---- Provided data

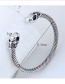 Fashion Silver Color Skull Shape Decorated Opening Bracelet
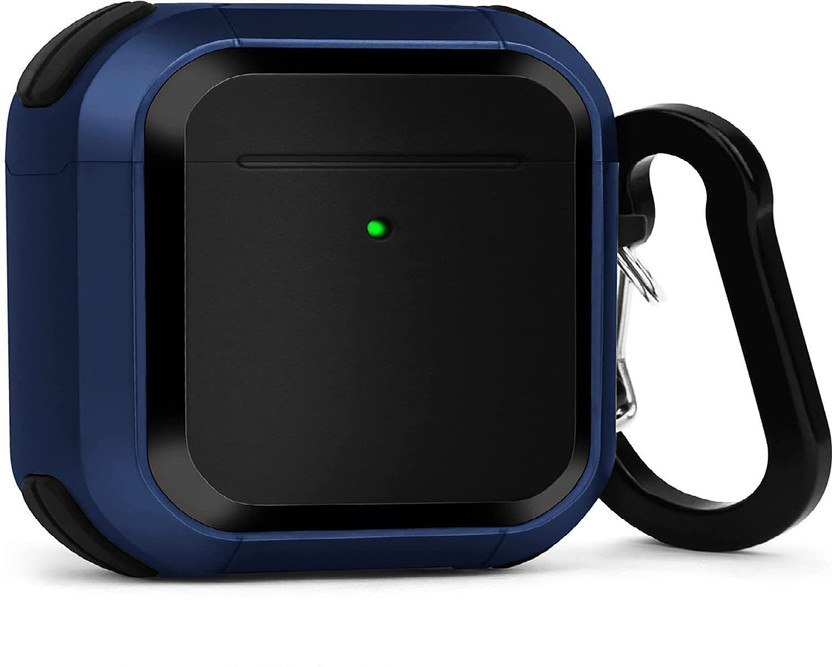 KHR Back Cover for Apple AirPods (3rd generation) Rugged Protective Case with Keychain (Blue)(Brown, Hard Case, Pack of: 1)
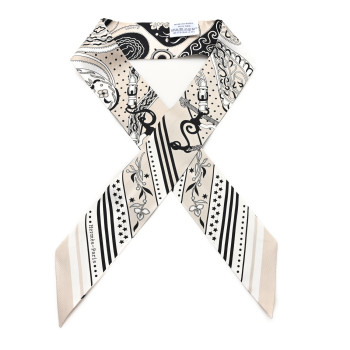 HERMES Silk Festival Des Amazones Twilly Grege Black White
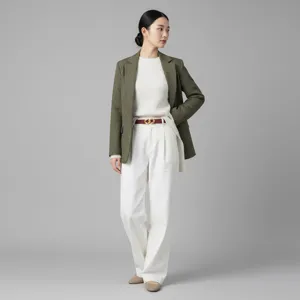 Stylish women's leather belt paired with a chic green blazer and white trousers for daily wear.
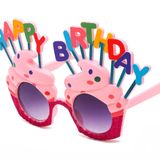 Happy Birthday Yazılı Pembe Fuşya Renk Parti Gözlüğü 12x7 cm (5264)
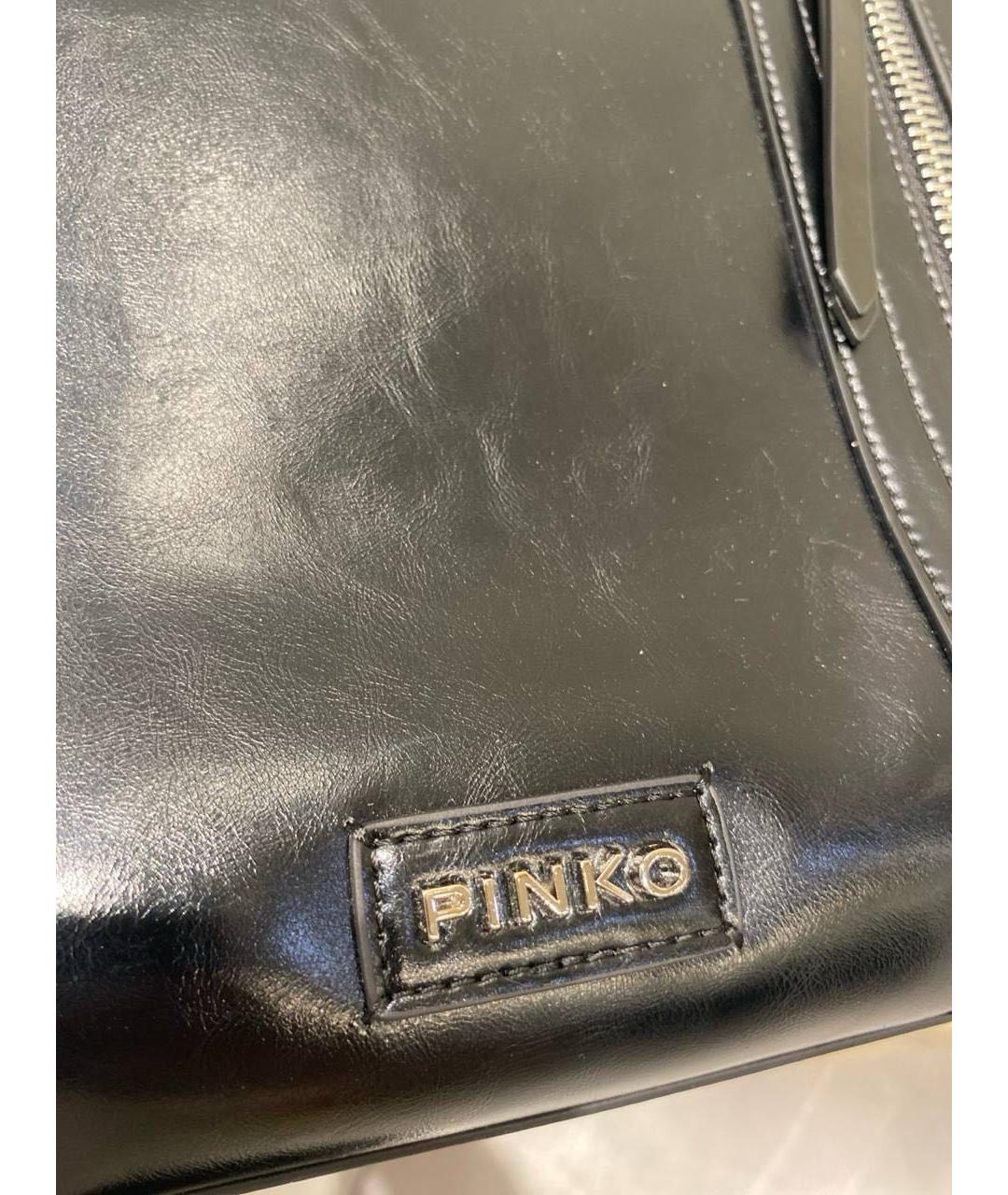 PINKO Черная кожаная сумка с короткими ручками, фото 4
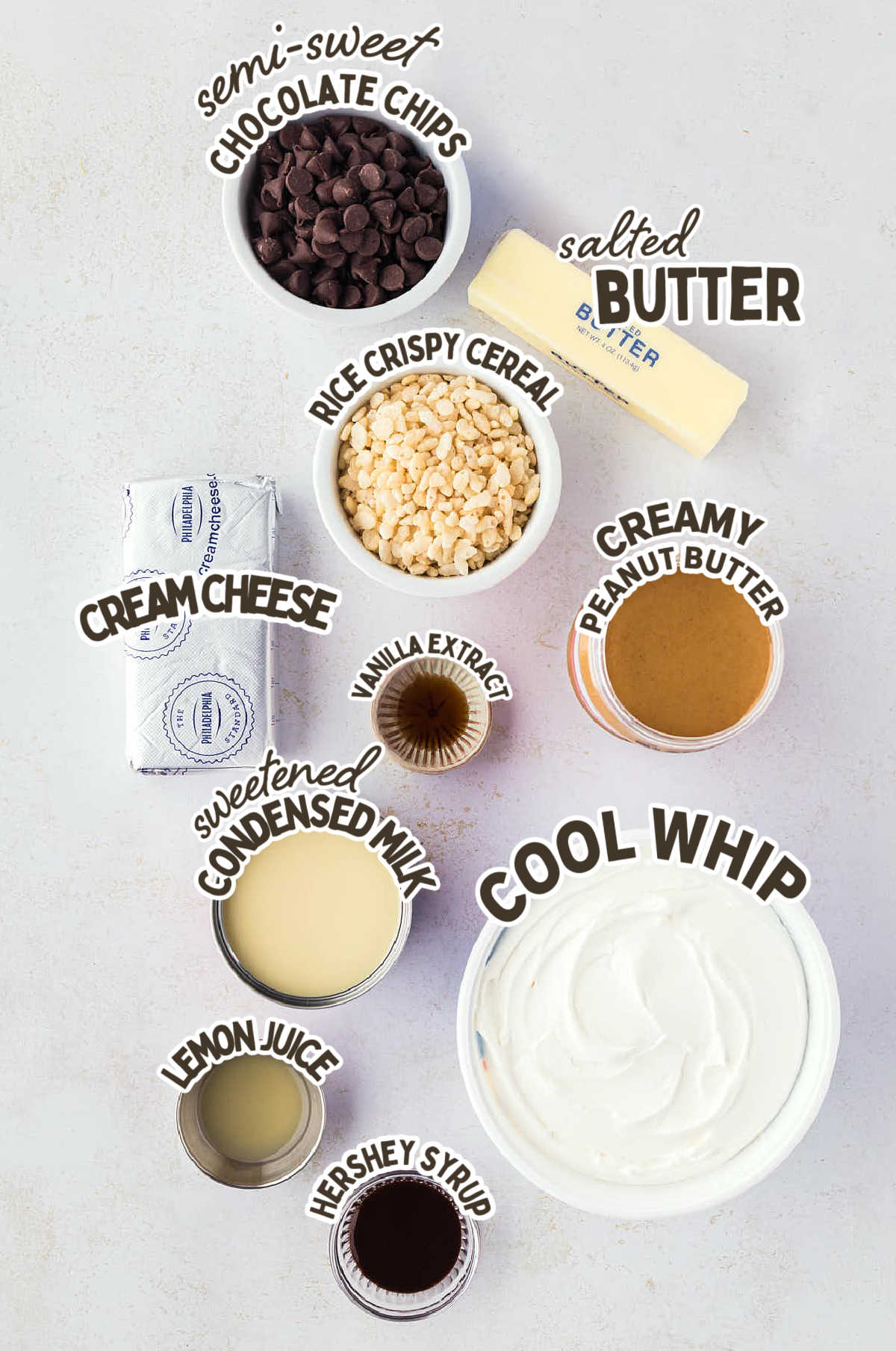 Ingredients needed to make a No-Bake Peanut Butter Pie. 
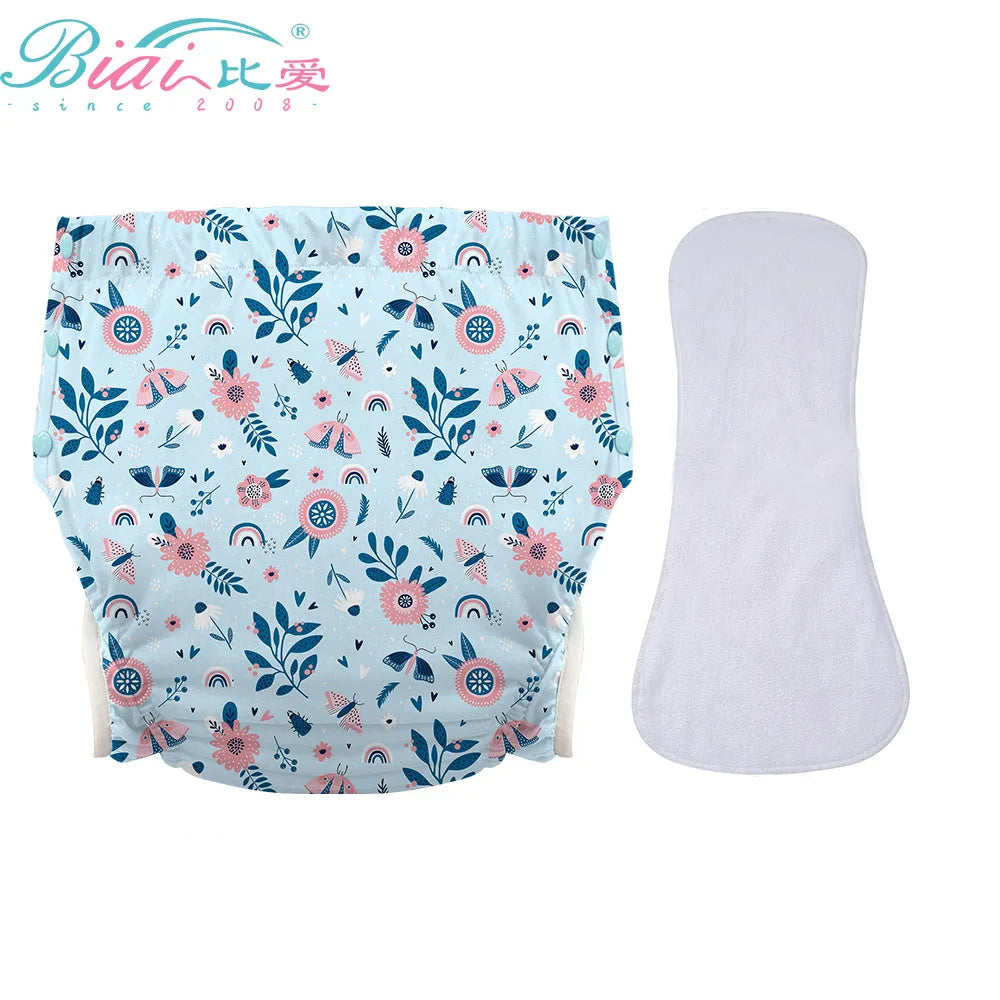 Ice Silk Adult Cloth Disaper Waterproof Old Man's Diaper Pants Reusable Diapers Trouser Pocket Anti-leak Breathable Nappy Pads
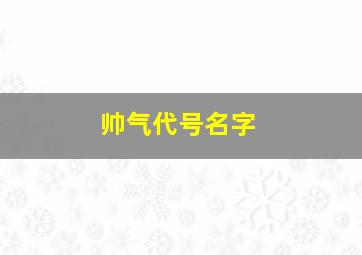 帅气代号名字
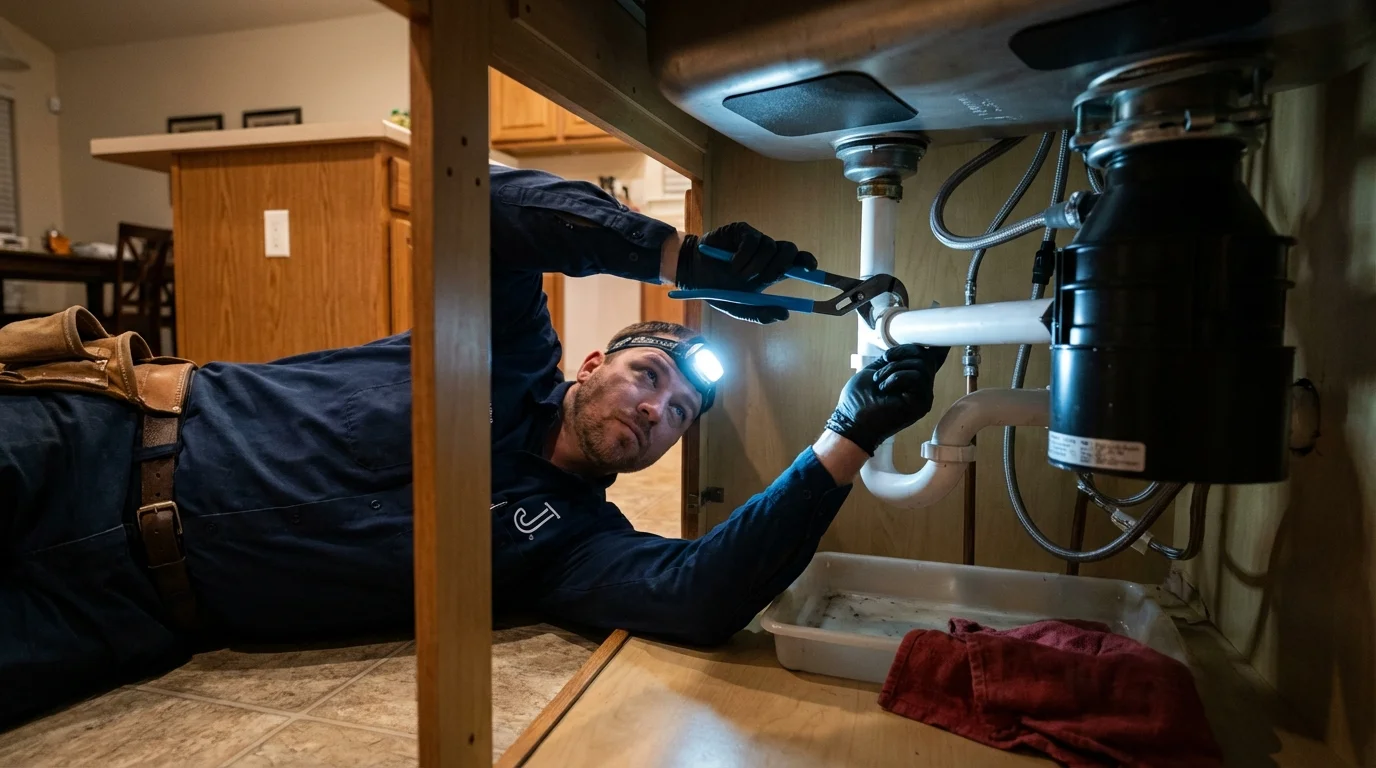 P-trap and supply line connections under a kitchen sink showing a common leak point in Waldo, FL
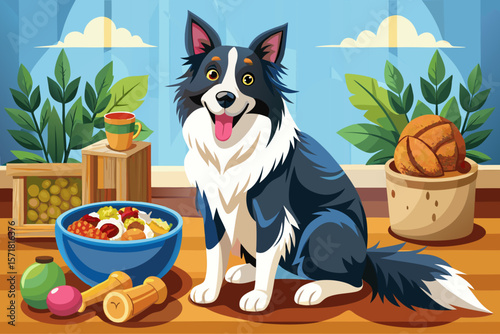 vector of The border collie is sitting next to a bowl full of nutritious dog food, sticking out her tongue as a sign of happiness.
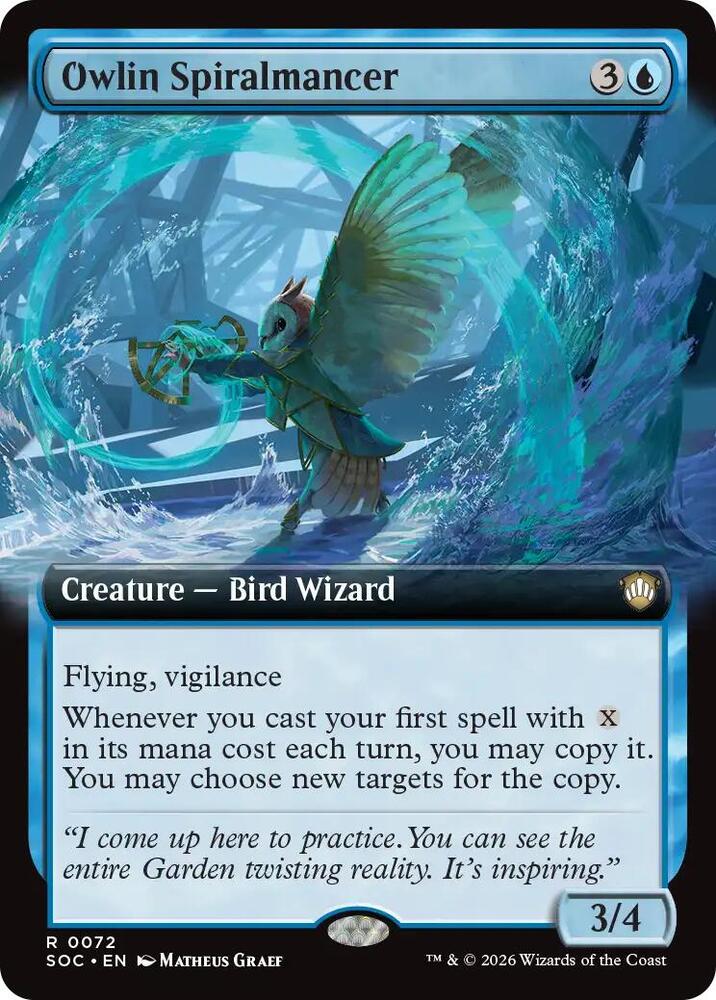 Owlin Spiralmancer 72 (Commander: Secrets of Strixhaven)  - Extended Art
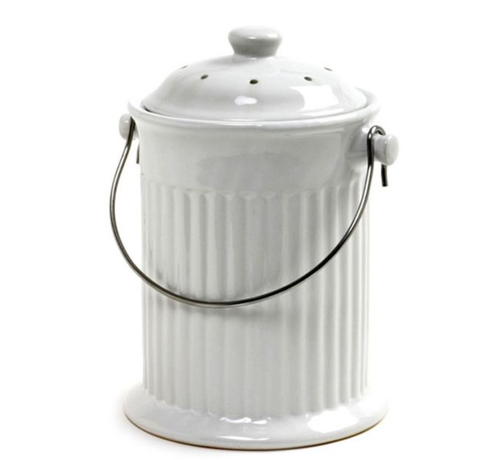Norpro Ceramic Compost Crock / White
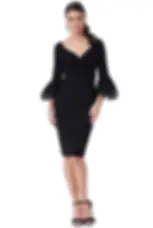 Bell Sleeve Dress with Sweetheart Neckline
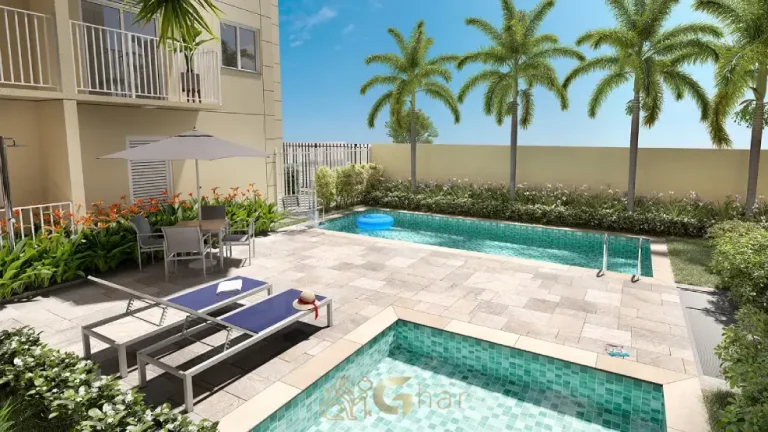 Piscina em condomínio com lazer em apartamentos no bairro Campos Elíseos São Paulo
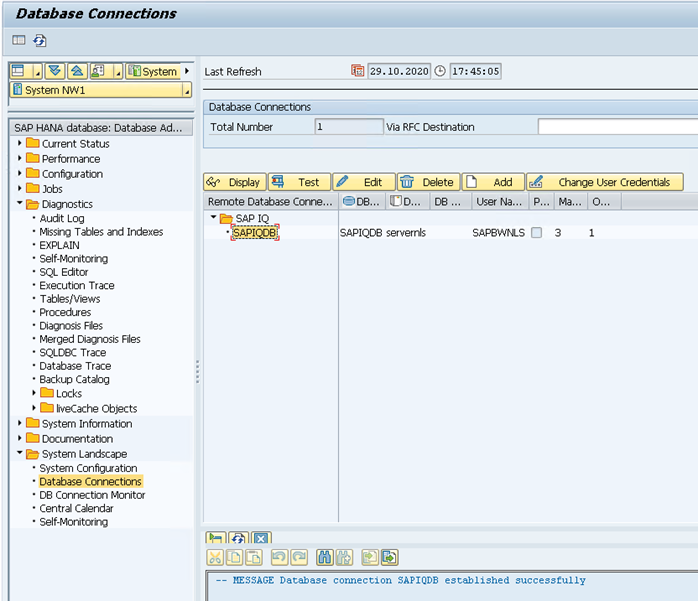 DB02 Database Connections view showing a successful test of the SAPIQDB connection.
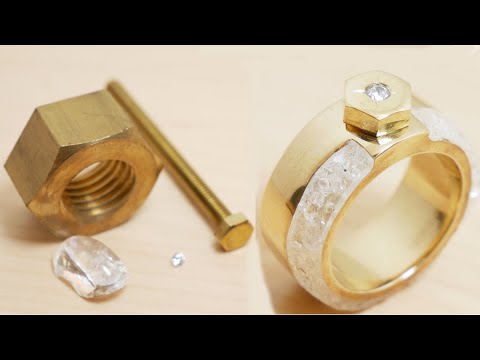 【最高級】ダイヤモンド&水晶&ナット&ボルトからハイジュエリーな指輪を作る！/Make a high jewelry ring!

--------

Action item:
Please set down exactly the lines from the one holding "PINKO Черная кожаная" through the last line of the entries, both ends included, and skip pictures.

Your solution:
 PINKO Черная кожаная сумка с короткими ручками, фото 4
 Ingredients needed to make a No-Bake Peanut Butter Pie. 
 Ice Silk Adult Cloth Disaper Waterproof Old Man's Diaper Pants Reusable Diapers Trouser Pocket Anti-leak Breathable Nappy Pads
 帅气代号名字
 P-trap and supply line connections under a kitchen sink showing a common leak point in Waldo, FL
 vector of The border collie is sitting next to a bowl full of nutritious dog food, sticking out her tongue as a sign of happiness.
 Owlin Spiralmancer 72 (Commander: Secrets of Strixhaven)  - Extended Art
Norpro Ceramic Compost Crock / White
 Bell Sleeve Dress with Sweetheart Neckline
 Piscina em condomínio com lazer em apartamentos no bairro Campos Elíseos São Paulo
 DB02 Database Connections view showing a successful test of the SAPIQDB connection.
 【最高級】ダイヤモンド&水晶&ナット&ボルトからハイジュエリーな指輪を作る！/Make a high jewelry ring!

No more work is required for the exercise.